• **Provided records**:
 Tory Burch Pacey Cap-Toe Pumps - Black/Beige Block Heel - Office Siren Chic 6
* * *
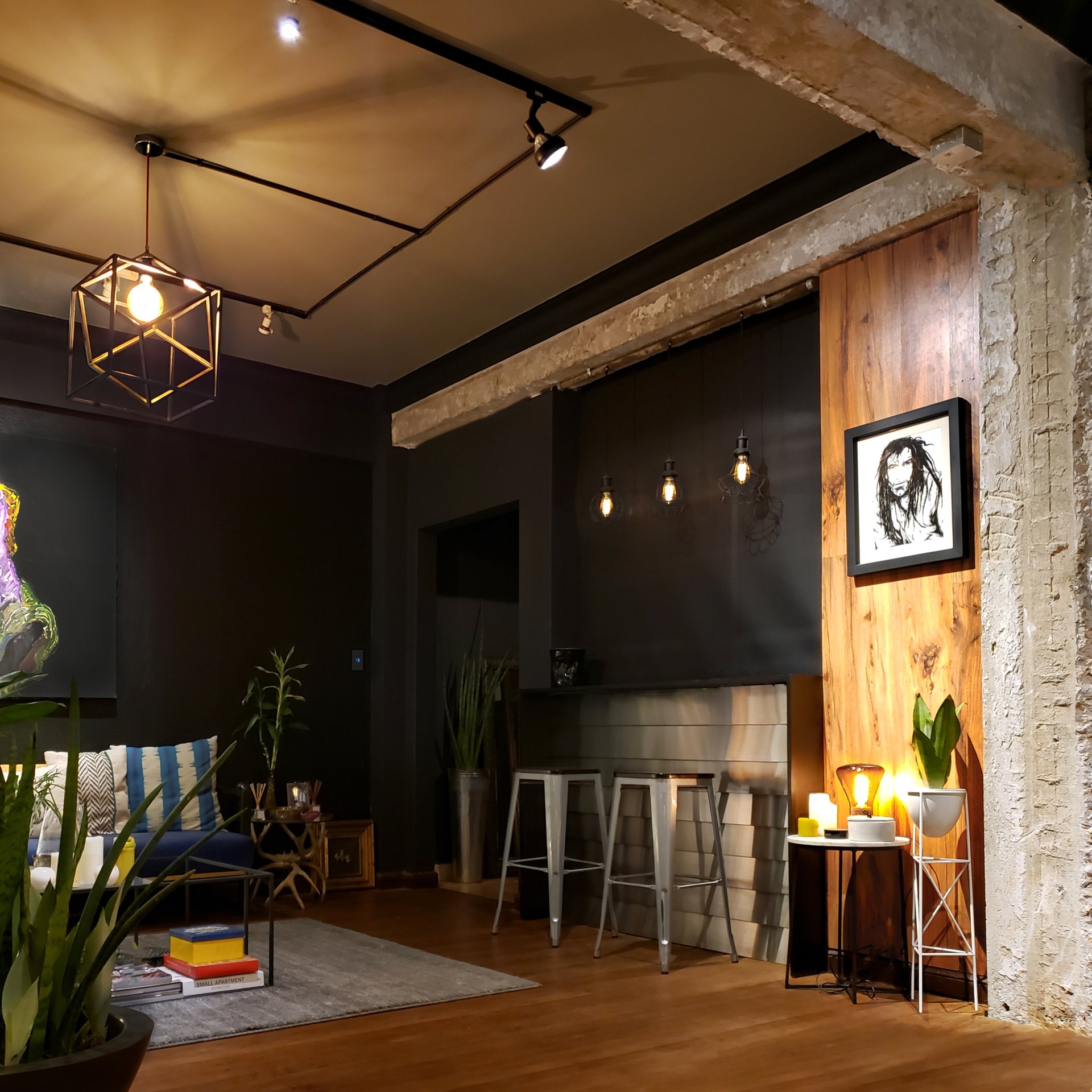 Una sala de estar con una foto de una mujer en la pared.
==
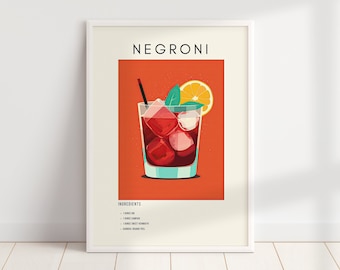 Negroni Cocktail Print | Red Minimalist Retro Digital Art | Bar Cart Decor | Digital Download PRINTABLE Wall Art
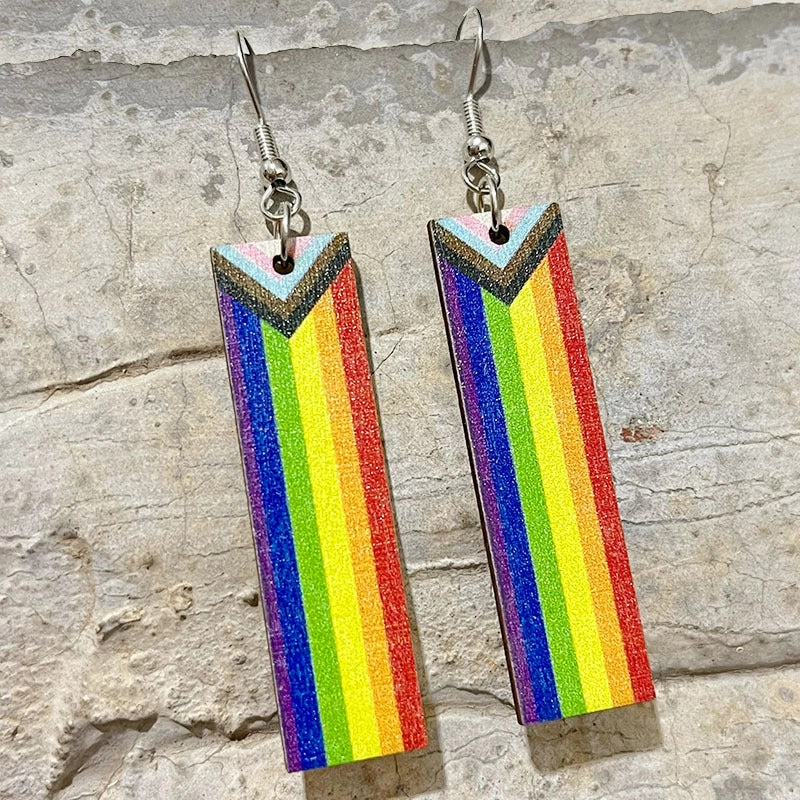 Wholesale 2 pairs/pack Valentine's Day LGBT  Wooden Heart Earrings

• **Activity**: In the listing above, find the line containing "Negroni Cocktail Print" and the line containing "Wholesale 2 pairs/pack"; print those lines and every line between them exactly, leaving out pictures.

• **Response to this task**:
 Negroni Cocktail Print | Red Minimalist Retro Digital Art | Bar Cart Decor | Digital Download PRINTABLE Wall Art
 Wholesale 2 pairs/pack Valentine's Day LGBT  Wooden Heart Earrings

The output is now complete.